Kurds in Finland Fear Racist Reaction to Swedish Honour Killing
Helsingin Sanomat
Jan 24, 2002

A number of Kurdish refugees living in Finland have expressed fears of a racist backlash to news from Sweden of the death of a 26-year-old Kurdish woman, Fadime Sahindal, who was killed by her father in Uppsala on Monday evening. 

Sahindal fell out of favour with her family because she had fallen in love with a Swedish man and rejected her family’s plans for an arranged marriage with another Kurd. 
    
Four years ago Sahindal made headlines in Sweden when she filed criminal charges against her father and brother for making threats and assault. 

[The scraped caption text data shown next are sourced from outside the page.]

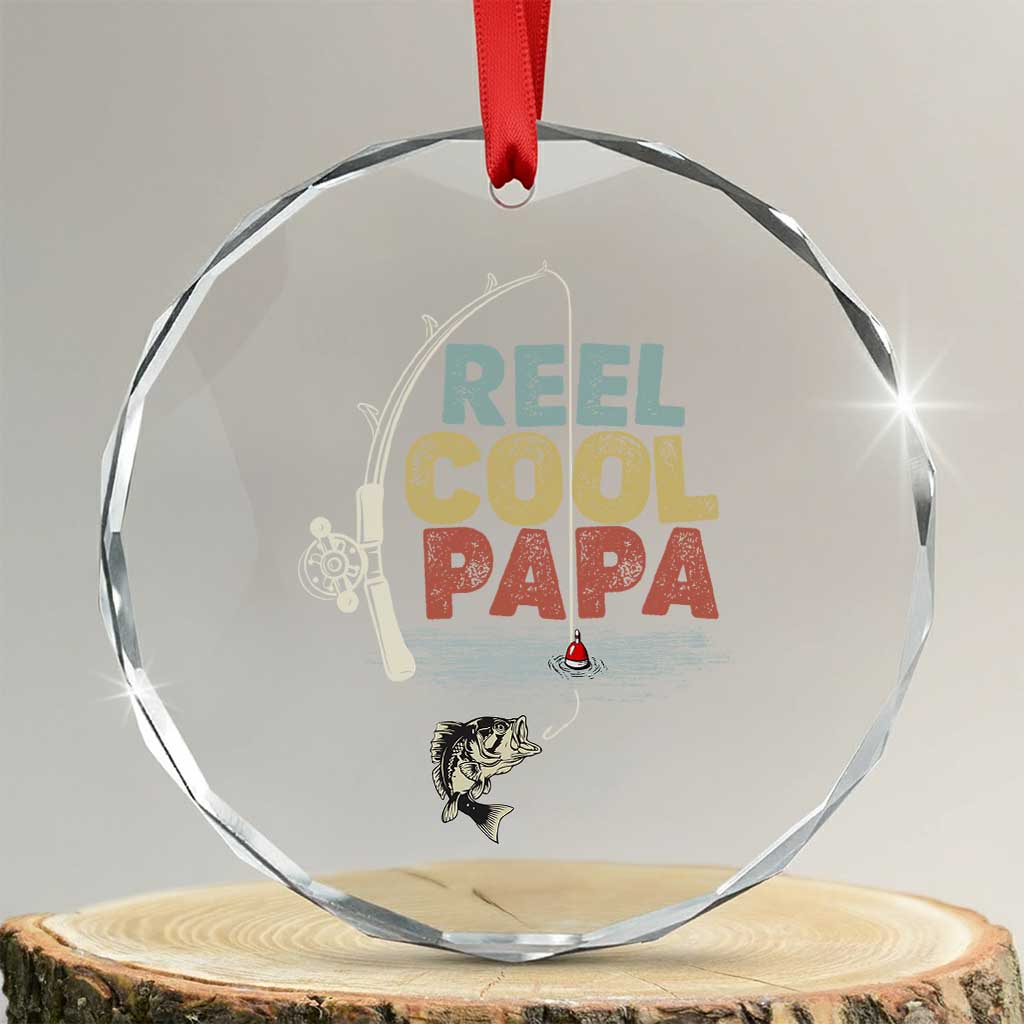 Fishing Dad Crystal Glass Ornament Reel Cool Papa Retro Vintage TS02 Transparent Glass 3'' Circle Print Your Wear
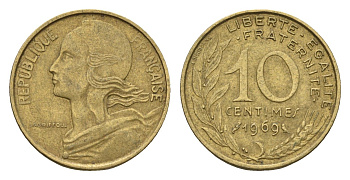 Франция 10 сантимов 1969 KM 929 алюминиевая бронза 4674-562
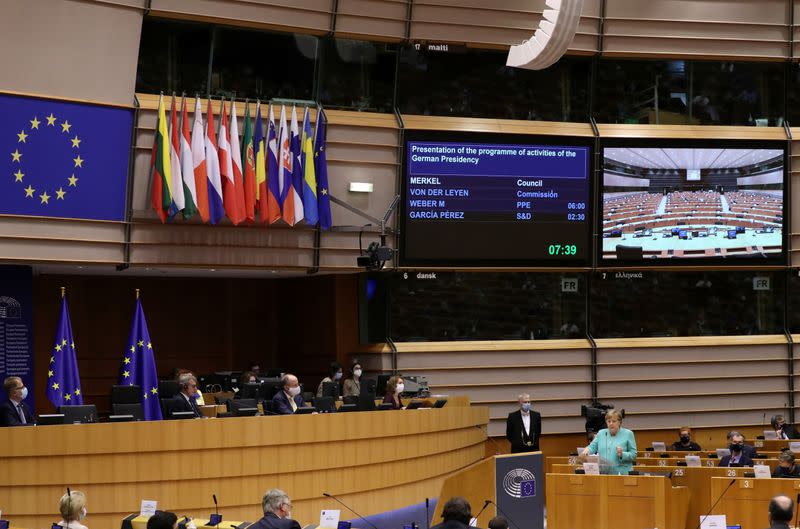 German Chancellor Angela Merkel attends a plenary session at the European Parliament in Brussels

On Wednesday, many Kurds living in Finland called family shelters in the Helsinki region fearing a racist reaction to the events in Sweden. 
    Merja Hakala, head of the Helsinki youth shelter maintained by the Red Cross, said that such honour killings are unknown in Finland. She says that young Kurds are sometimes are sometimes disciplined with threats that they may be sent out of the country to be raised by relatives. 
    
"I am sure that this is an isolated incident. This kind of thing does not happen any more frequently in immigrant families than among Finns", Hakala says. 
    
The premeditated murder of family members is indeed quite rare in Finland. However, spontaneous family violence involving years of bottled-up frustrations and heavy alcohol consumption, and culminating in the stabbing or shooting deaths of one or more family members - and the suicide of the perpetrator - is all the more common among native-born Finns. 

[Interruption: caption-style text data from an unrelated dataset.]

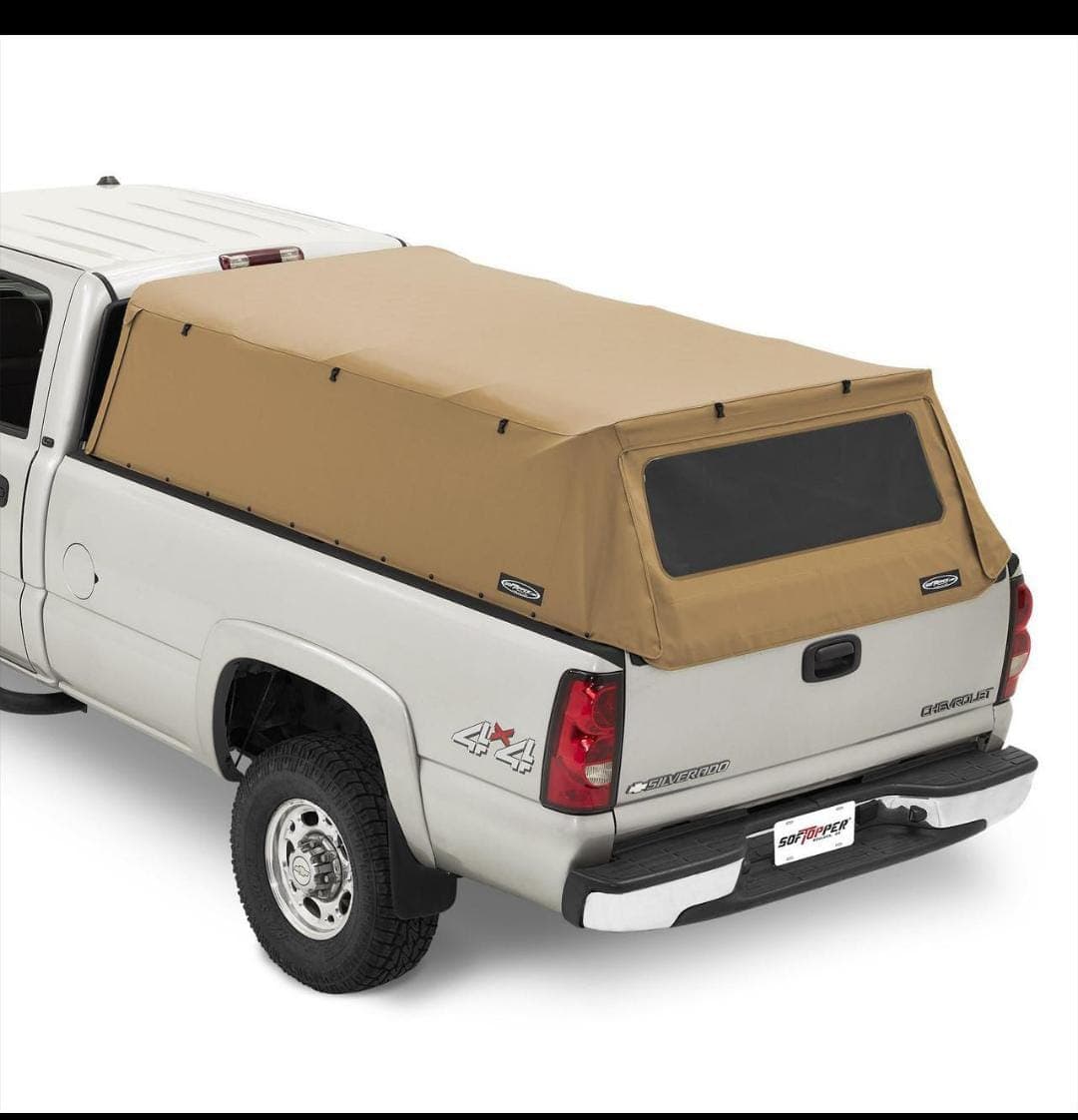 Canvas truck-bed cap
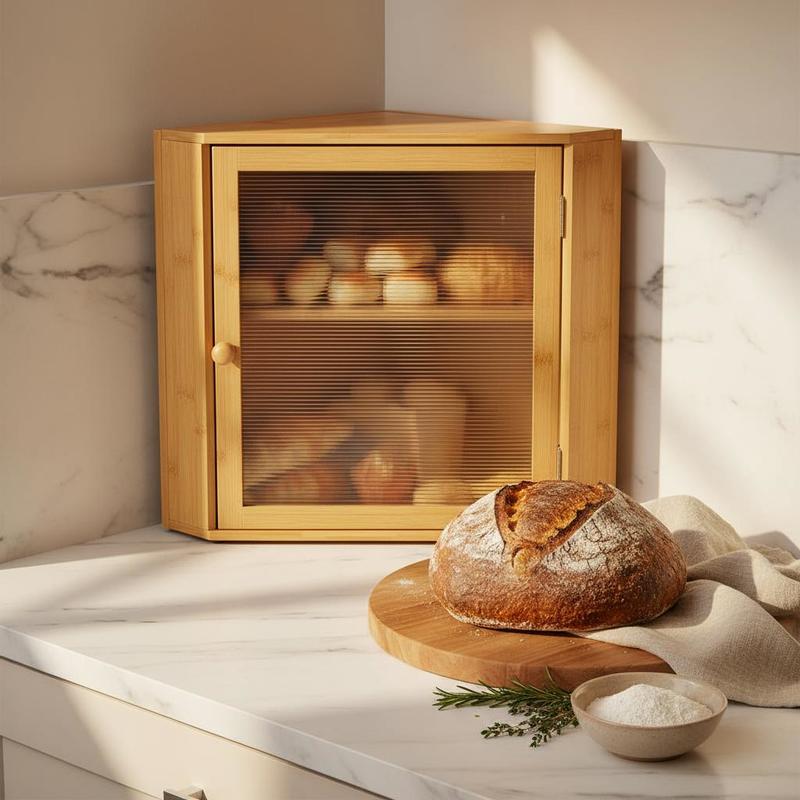 Corner Bread Box for Kitchen C - Kitchen Baking Storage Containers บทวิจารณ์และราคา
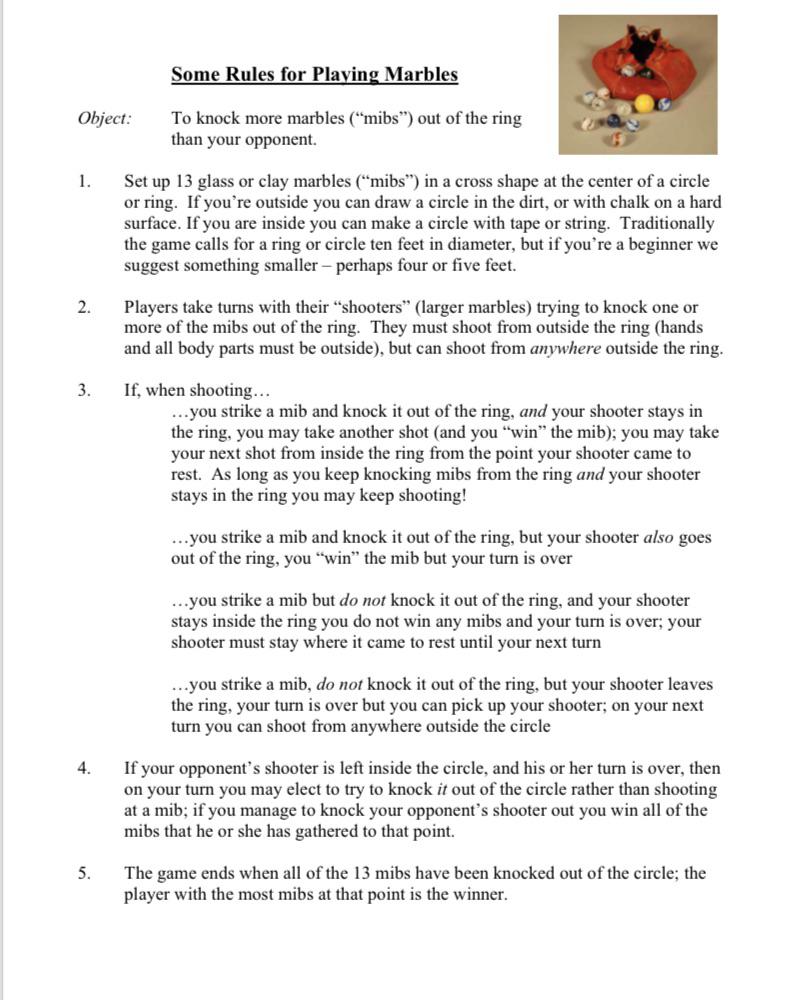 Marble rules r/LetsPlayMarbles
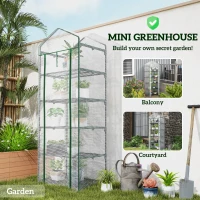 Outsunny 193cm Five Shelf Mini Greenhouse - White(m-6)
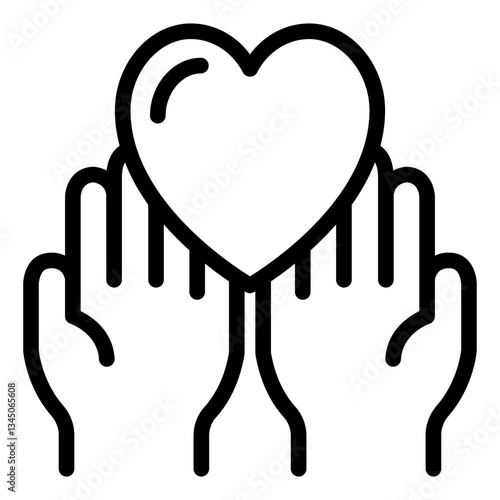 Hands holding heart outline icon for love and support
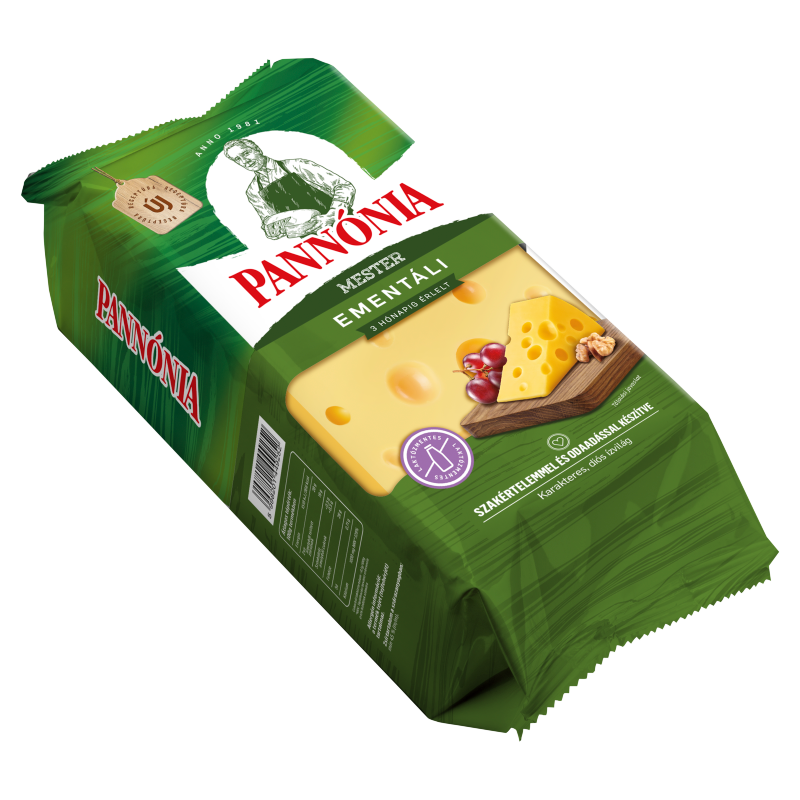 Pannónia Mester Ementáli zsíros, kemény, erjedési lyukas tömbsajt 1 kg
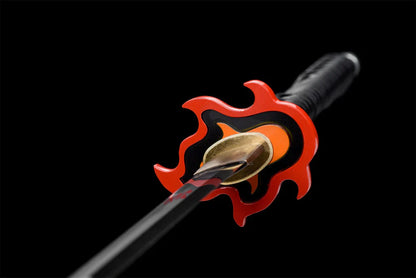Demon Slayer - Tanjiro Kamado Edelstahl-Katana (Feueratmung)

"There are different kinds of families in the Kurds’ culture. Those for whom religion plays a major role are perhaps more afraid that something will happen to the young people that violates their religion", Hakala says. 
    
A while ago Hakala had to deal with a situation in which the parents of two Kurdish girls had been beaten by their father, who was concerned about the boys they were seeing. All types of corporal punishment are illegal in Finland, but an agreement was reached under which the girls would go back home and live according to the wishes of their father until they are 18 years old. 
    
The number of immigrants seeking help at various shelters increased dramatically throughout the 1990s. In an extreme case, a young person might say that his or her life is threatened at home. Some have been given foster homes. In some communities the men keep the girls under such tight supervision that they are only allowed to go to school and come back home, always wearing a scarf. 
    
In most respects domestic violence among immigrants is not much different from that which involves native Finns. 
    "Parents are not necessarily proud if they have physically attacked their child. However, from their point of view, that is also a way of caring", says one employee at a shelter. 

Karwan Ahmad, a Kurd who has lived in Finland for 15 years, believes that one reason for the tragedy in Sweden was that the father had been humiliated by the fact that his daughter had spoken about her case in public. As a result, the father felt obliged to defend his honour in the eyes of his relatives. 
    
Ahmad says that while getting used to Finnish customs is hard, the winter and the darkness are the most difficult issues. He does not understand how Finnish children can physically attack their teachers at school, or drink alcohol. 
    
Ahmad also says that many Kurds who have moved to Europe try to maintain their traditional way of life by sending their young people to Turkey at the age of 17 or 18 to find someone to marry. "The young person him- or herself can influence the decision", he says. He also says that marriages arranged by older relatives sometimes work, and sometimes they do not. 
    
Ahmad has two daughters, aged 13 and 14. He says that he wants to support them as long as they are underage.